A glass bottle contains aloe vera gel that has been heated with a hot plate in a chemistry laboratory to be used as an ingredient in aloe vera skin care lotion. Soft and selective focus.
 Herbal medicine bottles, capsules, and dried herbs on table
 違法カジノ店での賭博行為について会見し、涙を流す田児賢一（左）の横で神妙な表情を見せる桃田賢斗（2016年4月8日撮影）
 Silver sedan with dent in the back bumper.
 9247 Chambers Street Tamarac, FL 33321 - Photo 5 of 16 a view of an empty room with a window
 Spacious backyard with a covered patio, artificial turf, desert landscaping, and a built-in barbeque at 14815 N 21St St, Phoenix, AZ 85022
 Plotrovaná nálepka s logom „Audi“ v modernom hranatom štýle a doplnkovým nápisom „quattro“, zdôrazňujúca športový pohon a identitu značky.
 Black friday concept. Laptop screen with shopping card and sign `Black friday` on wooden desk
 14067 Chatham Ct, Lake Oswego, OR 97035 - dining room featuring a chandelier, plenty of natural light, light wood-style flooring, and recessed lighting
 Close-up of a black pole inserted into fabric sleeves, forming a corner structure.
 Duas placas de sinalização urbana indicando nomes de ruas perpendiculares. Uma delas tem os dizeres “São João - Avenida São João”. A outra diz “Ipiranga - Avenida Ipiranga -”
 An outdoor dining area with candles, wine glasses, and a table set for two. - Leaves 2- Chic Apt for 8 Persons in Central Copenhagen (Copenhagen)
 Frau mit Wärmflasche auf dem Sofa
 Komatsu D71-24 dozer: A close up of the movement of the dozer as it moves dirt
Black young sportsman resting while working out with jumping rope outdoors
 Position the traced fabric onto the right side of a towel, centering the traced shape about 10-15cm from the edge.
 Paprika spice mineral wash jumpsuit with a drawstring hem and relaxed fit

********************

**Work task:** Which lines of the data hold the string "table"? Return each of them.

**Reply to the task:**
 Herbal medicine bottles, capsules, and dried herbs on table
 An outdoor dining area with candles, wine glasses, and a table set for two. - Leaves 2- Chic Apt for 8 Persons in Central Copenhagen (Copenhagen)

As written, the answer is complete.